Defendant's reliance on State v. Faison is misplaced. 452 N.J. Super. 390 (App. Div. 2017). In Faison, the defendant pleaded guilty to two DWIs but both were vacated following PCR petitions. Id. at 392. Defendant then was re-convicted of only one DWI. Ibid. The court further found the State could not prove a violation of N.J.S.A. 2C:40-26(b) because the defendant only had one DWI conviction, not the required two or more. Id. at 394. The court found a conviction under N.J.S.A. 2C:40-26(b) would constitute a "miscarriage of justice[,]" adding that "sentencing defendant to the minimum imprisonment of 180 days under N.J.S.A. 2C:40-26(c) would bring about 'an increased period of incarceration as a result of . . . an uncounseled DWI conviction.'" Id. at 395 (alteration in original) (quoting Laurick, 120 N.J. at 16).
This case differs from Faison. Defendant's convictions for DWI were not vacated by the PCR orders. These multiple DWI convictions supported his conviction under N.J.S.A. 2C:40-26(b). Faison's statement about sentencing the defendant to an increased period of incarceration was a reference to incarceration when the statutory elements were not present.
In State v. Sylvester, 437 N.J. Super. 1, 3 (App. Div. 2014), the defendant had three DWI convictions and based on the 2011 conviction, her license was suspended for two years. The 2011 DWI was vacated based on a PCR petition. Ibid. However, she pleaded guilty to the 2011 DWI once again and her license was suspended. Ibid. She was indicted in 2012 under N.J.S.A. 2C:40-26(b) for operating a motor vehicle while suspended. Ibid. We rejected as "without merit" the argument that her conviction was "voided . . . ab initio, thus precluding the State from relying on this conviction to meet its burden of proof . . . ." Id. at 6. When she was arrested, she had to know her license was suspended. Ibid. We also rejected her argument that Laurick applied, concluding "[t]he Court's remedy in Laurick applied only to the custodial term required for repeat offenders in a DWI conviction under N.J.S.A. 39:4-50." Id. at 7. It was inapplicable in Sylvester because there the defendant "was convicted of . . . violating N.J.S.A. 2C:40-26b." Ibid. There was no basis to dismiss the indictment because she had at least two DWIs.

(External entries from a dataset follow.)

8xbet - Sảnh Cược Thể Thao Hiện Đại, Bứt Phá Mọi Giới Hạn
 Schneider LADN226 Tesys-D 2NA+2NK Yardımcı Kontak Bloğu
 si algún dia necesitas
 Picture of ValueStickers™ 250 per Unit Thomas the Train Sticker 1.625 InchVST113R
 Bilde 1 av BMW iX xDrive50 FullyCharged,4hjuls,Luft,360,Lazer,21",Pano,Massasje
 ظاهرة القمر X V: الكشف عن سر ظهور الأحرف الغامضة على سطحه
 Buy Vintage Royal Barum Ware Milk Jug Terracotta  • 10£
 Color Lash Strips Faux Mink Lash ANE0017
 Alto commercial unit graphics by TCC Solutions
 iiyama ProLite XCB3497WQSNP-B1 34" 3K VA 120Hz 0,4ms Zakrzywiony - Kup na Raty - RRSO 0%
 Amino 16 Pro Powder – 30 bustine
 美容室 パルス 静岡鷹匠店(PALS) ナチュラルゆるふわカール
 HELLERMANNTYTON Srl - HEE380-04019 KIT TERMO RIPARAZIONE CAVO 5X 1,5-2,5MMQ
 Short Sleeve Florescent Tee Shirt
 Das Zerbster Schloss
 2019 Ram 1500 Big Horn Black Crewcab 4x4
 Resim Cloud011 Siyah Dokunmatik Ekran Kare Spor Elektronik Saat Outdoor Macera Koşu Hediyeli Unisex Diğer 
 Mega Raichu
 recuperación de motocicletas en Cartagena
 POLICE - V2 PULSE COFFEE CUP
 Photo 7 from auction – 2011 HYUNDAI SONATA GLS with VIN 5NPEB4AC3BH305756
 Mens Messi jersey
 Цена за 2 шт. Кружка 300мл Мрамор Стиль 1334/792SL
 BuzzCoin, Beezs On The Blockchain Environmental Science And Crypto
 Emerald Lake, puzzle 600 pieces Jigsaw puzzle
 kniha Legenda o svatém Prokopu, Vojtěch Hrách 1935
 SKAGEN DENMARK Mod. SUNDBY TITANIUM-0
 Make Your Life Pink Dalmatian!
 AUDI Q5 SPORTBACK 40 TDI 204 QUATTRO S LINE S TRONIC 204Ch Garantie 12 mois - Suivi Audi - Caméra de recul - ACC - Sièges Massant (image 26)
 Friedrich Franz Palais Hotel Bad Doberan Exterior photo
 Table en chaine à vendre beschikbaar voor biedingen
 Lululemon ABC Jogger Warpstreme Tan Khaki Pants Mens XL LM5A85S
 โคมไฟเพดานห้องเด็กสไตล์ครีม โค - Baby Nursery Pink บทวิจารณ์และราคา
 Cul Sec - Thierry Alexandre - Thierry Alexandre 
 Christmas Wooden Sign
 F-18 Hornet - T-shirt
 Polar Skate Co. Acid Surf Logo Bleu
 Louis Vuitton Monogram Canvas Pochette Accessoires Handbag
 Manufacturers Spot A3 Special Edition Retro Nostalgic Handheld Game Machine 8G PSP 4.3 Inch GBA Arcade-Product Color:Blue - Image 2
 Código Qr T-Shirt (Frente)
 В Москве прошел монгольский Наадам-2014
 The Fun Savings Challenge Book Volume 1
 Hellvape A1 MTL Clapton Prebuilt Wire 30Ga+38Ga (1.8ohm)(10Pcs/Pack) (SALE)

This defendant's driver's license was suspended for two years based on his conviction in 2016 for refusing to take a breathalyzer test. See N.J.S.A. 39:4- 50.4a. This was his third DWI related conviction. His license was suspended when he was stopped on April 6, 2017, in Allenhurst, on April 25, 2017, in Keansburg and on March 20, 2018, again in Keansburg. All the elements of the statute were satisfied. Defendant was, therefore, properly convicted under N.J.S.A. 2C:40-26(b), and the mandatory period of incarceration applies.
In light of our decision, we vacate the October 26, 2018 order staying the mandatory custodial term ordered by the trial court. Defendant must report within ten days from the date of this opinion to serve his sentence.
Affirmed.
I hereby certify that the foregoing is a true copy of the original on file in my office.